Does it puzzle him, then, that top tennis players such as Djokovic and Andy Murray are close friends with each other? “I don’t think they are,” says Carlsen. “I don’t think they can be; they probably enjoy each other’s company but it’s just hard to … for any serious competitor to be close friends with the people you are trying to beat every day.”
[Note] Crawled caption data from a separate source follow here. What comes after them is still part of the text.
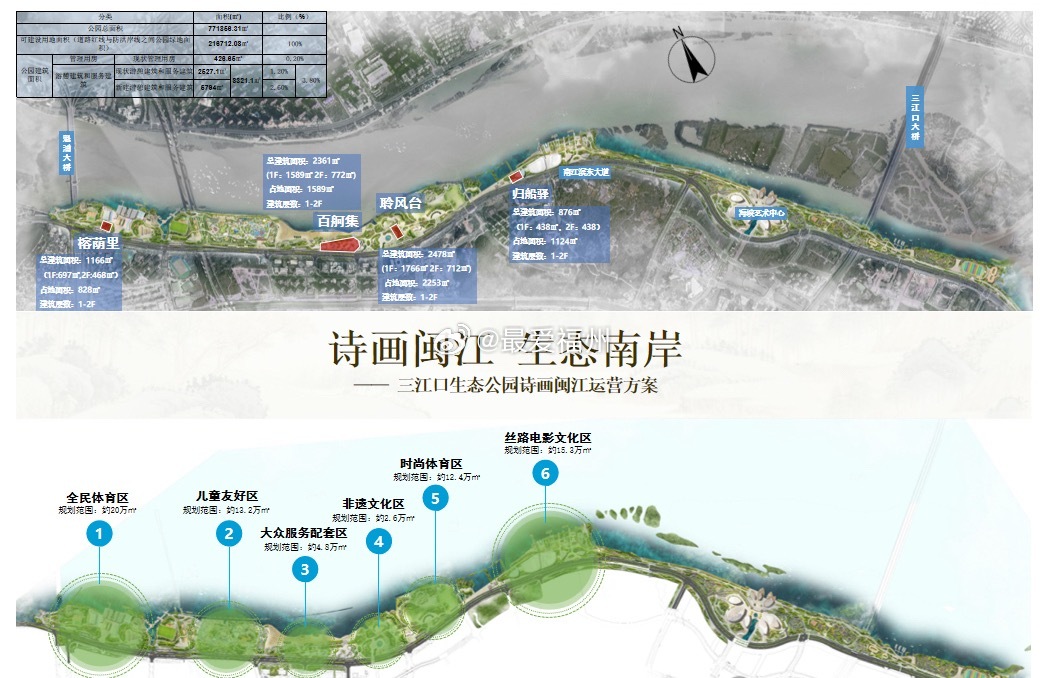 福州规模最大的滨水生态绿核-三江口生态公园全面迈入市场化运营新阶段！计划打造体城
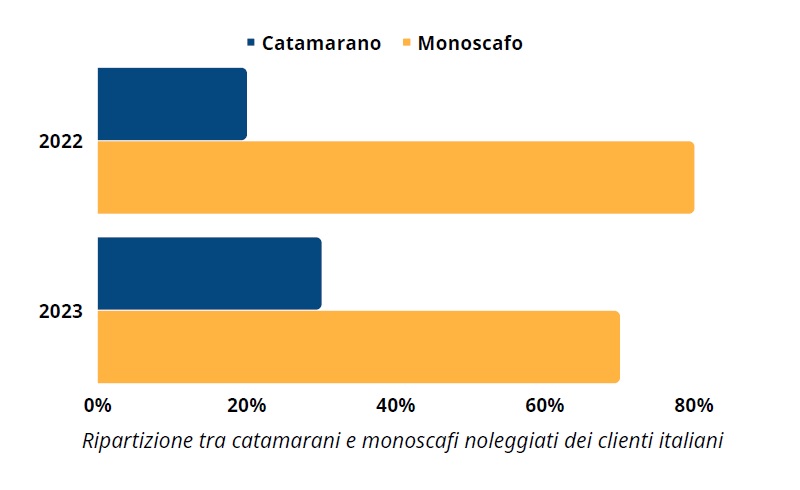 globesailor catamarani - monoscafi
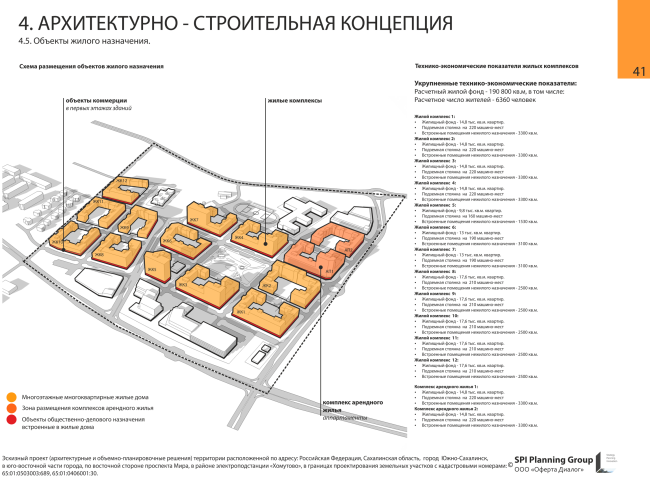 ��������� ��������� ������ ����������� � ����-���������� � ������ ������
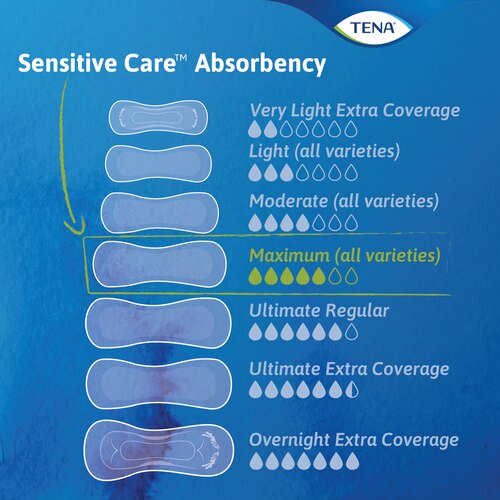 Long Ultra Thin Incontinence Pads, Maximum Absorbency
He may be no. 1 – and there are those like legendary former world champion Garry Kasparov who claim that chess has entered “the Carlsen era” in which he will continue to dominate – but the margins at the top are very small and there are always pretenders to the throne. According to Simen Agdestein, Norwegian grandmaster and Carlsen’s former coach, his most serious rival at the moment is the Armenian player Levon Aronian, who could well be the one to challenge him for the championship this northern autumn. Agdestein is the author of Wonderboy, a biography of Carlsen. I ask what gives his former pupil the edge over rivals? “Other players have too much respect for him,” he says. “And Magnus is the master of taking advantage of that, he is an expert in the psychological game.” Carlsen also, famously, trusts his intuition. He may take 30 minutes to make a move but, as he told an interviewer in the run up to the world championship last year, “I usually know what I’m going to do after 10 seconds; the rest is double checking. Often I cannot explain a certain move, only I know that it feels right, and it seems that my intuition is right more often than not.”

Read more: http://www.smh.com.au/world/all-the-right-moves-20140310-34g7p.html#ixzz2w5sLvahL

MAGNUS CARLSEN IN BRIEF

• 1990 Born in Tønsberg, Norway, on November 30.

• 1999 Plays first international tournament at the age of nine.

• 2004 Becomes a chess grandmaster at the age of 13.

• 2008 World ranking rises to No. 6.

• 2009 Hires former world champion Garry Kasparov as his coach.

• 2010 Hits No. 1 spot aged 19, the youngest in history.

• 2011 Drops to No. 2 in the world. Invites 16-year-old grandmaster Wesley So to train with him.

• 2012 Wins Grand Slam Masters Final and most other major events.

• 2013 In February, reaches the highest Elo rating to date of 2872.

In November, beats Viswanathan Anand to become world champion.

• 2014 Wins in Zurich, the first serious tournament since capturing the world title.

Eight qualifying players will compete in the Candidates Tournament in Russia in March.

The winner will challenge Carlsen for the world championship in November.